Chamber Music Europe Biennale 2019 – Mieczyslaw Weinberg, The Composer
Mieczyslaw Weinberg, né à Varsovie en 1919, est l’un des compositeurs majeurs du XXème siècle.
L’histoire de sa vie est marquée par les drames qui ont secoué l’Europe au milieu du XXème siècle. Mieczyslaw Weinberg quitte la Pologne en 1939, et après des étapes à Minsk puis Tachkent, il s’installe à Moscou en 1943, ville où il séjourne jusqu’à son décès en 1996. Je laisse aux biographes et musicologues compétents, dans un esprit de rigueur qui leur est propre, poursuivre l’exégèse de la vie et de l’œuvre de ce grand compositeur polonais. La réputation de Weinberg n’atteint une dimension planétaire du reste grandissante qu’après sa mort, mais une poignée de visionnaires occidentaux tels Danuta Gwizdalanka en Pologne, mais aussi Per Skans, David Fanning, Tommy Persson, Martin Anderson, Robert Reilly ou encore Frans Lemaire en Belgique revendiquaient déjà l’immensité de l’œuvre de ce brillant pianiste et compositeur qui, dès son plus jeune âge, partageait avec son père les charges de musicien dans un théâtre juif à Varsovie.
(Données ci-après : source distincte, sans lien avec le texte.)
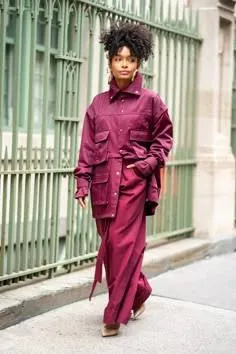 Woman in a burgundy oversized utility jacket and matching trousers on a street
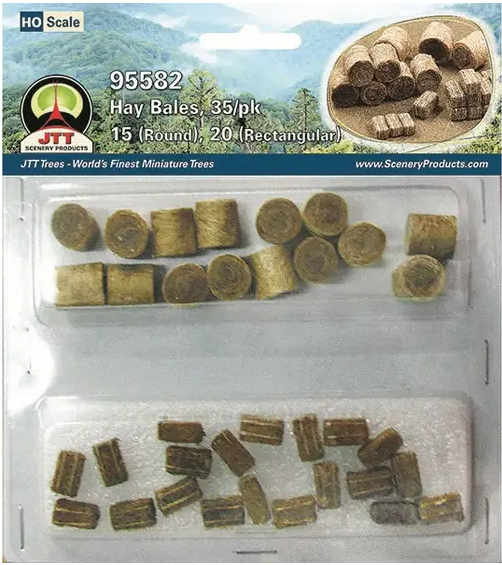 Packaging for JTT 95582 HAY BALES, displaying both round and rectangular shaped hay bales intended for use in model train setups.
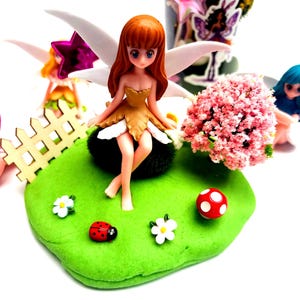 Peut inclure: Une figurine de fée aux cheveux roux et aux ailes blanches est assise sur une base verte avec une coccinelle, des fleurs et un champignon. Un buisson de fleurs roses et d'autres figurines de fées sont en arrière-plan. Un bocal avec des autocollants de fées est également visible.
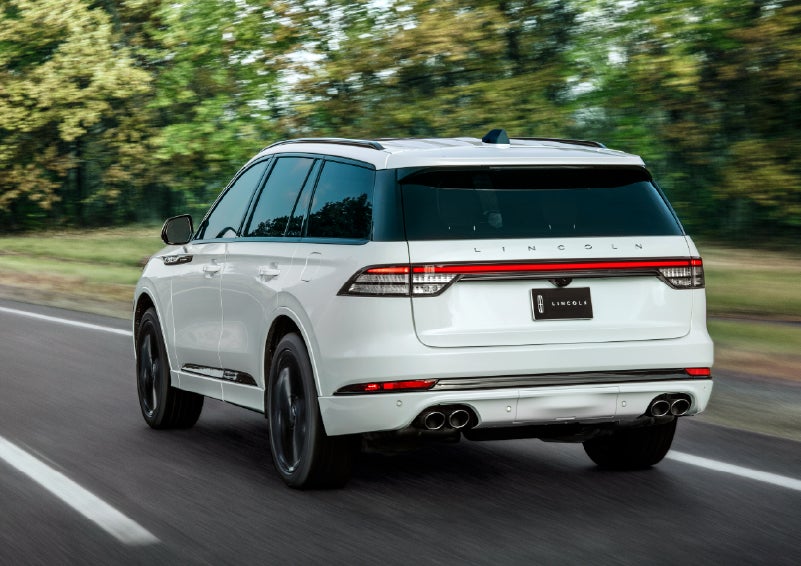 A white 2026 Lincoln Aviator® SUV is being driven away down a road lined with colorful trees. | Angela Krause Lincoln of Alpharetta in Alpharetta GA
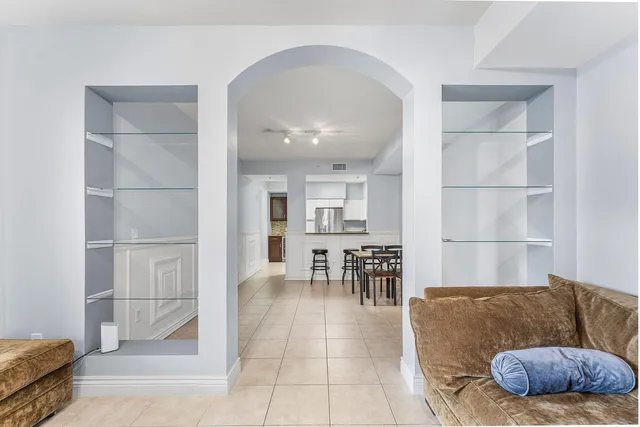 a living room with furniture and a dining table with kitchen view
En 2010, la première version scénique de son Opéra « La Passagère » à Bregenz installera définitivement l’importance de Weinberg en Europe occidentale et au-delà.
Les musiciens, chefs d’orchestre et cinéastes de son pays d’adoption n’ont pas attendu la fin des purges staliniennes pour lui témoigner leur estime, et l’œuvre de Weinberg se développe tout au long de sa vie, malgré l’ostracisme d’un système ou l’Art valait pour propagande – se référer au livre de Frank Westermann, « Ingenieurs van de ziel » (NL : Singel Uitgeverijen – FR : Christian Bourgois). Pourtant Weinberg, par ses origines et sa liberté créatrice, ne pouvait être considéré comme le parangon du compositeur soviétique !
Quelques faits démontrent la présence soutenue de Weinberg sur la scène artistique russe : parmi les musiques de film qui lui ont été confiées celles de « Quand passent les cigognes » de Mikhaïl Kalatozov en 1957 – Palme d’or à Cannes en 1958 – et la version russe de « Winnie the Pooh » en 1969.
La musique de Weinberg fut créée par les plus grands artistes russes dès 1943 – Emil Gilels, David Oïstrakh, Leonid Kogan, Mstislav Rostropovitch…
Weinberg était également un brillant pianiste, et il créa certaines de ses sonates pour cordes avec les dédicataires, ainsi que les « Sept Romances sur des poèmes de Blok » de son très proche ami Dimitri Chostakovitch.
Ma découverte de la musique de Weinberg remonte aux années 1993. Avec le Quatuor Danel que j’ai formé en 1989 avec mon frère Marc et ma sœur Juliette, nous venions d’achever la préparation des 15 quatuors de Chostakovitch, accompagnés par le Quatuor Borodine, Fiodor Droujinine, altiste du Quatuor Beethoven, et le compositeur polonais Krzysztof Meyer. Ce temps dédié à l’œuvre de Chostakovitch nous a permis la rencontre avec des proches de Chostakovitch et plusieurs d’entre eux nous ont incité à travailler la musique de Weinberg : Mme Irina Chostakovitch, Valentin Berlinsky, violoncelliste du Quatuor Borodine, Alexander Raskatov, alors tout jeune compositeur installé à Heidelberg, et enfin le très érudit musicologue belge Frans Lemaire, connu pour ses travaux sur la musique soviétique et la musique juive.
Pour l’anecdote, nous étions présents lors de la première rencontre entre les responsables la maison d’édition Peer Music et Olga Reznitskaya, seconde épouse de Weinberg.
L’enregistrement de ses 17 quatuors, dont certains ont été créés par nous, reste l’une des aventures les plus précieuses de mon expérience professionnelle.
Je me réjouis de constater l’intérêt grandissant des publics pour la musique de Weinberg. A Bregenz, Victoria Bishops, sa fille, évoquait les doutes de son père quelques semaines avant sa mort sur l’accueil que recevrait sa musique. Il n’est jamais trop tard pour que justice lui soit rendue.
La première biennale de Chamber Music for Europe lui est dédiée, et je remercie tous ceux qui participent à la mise en place de cet évènement, et qui feront de cet hommage une fête.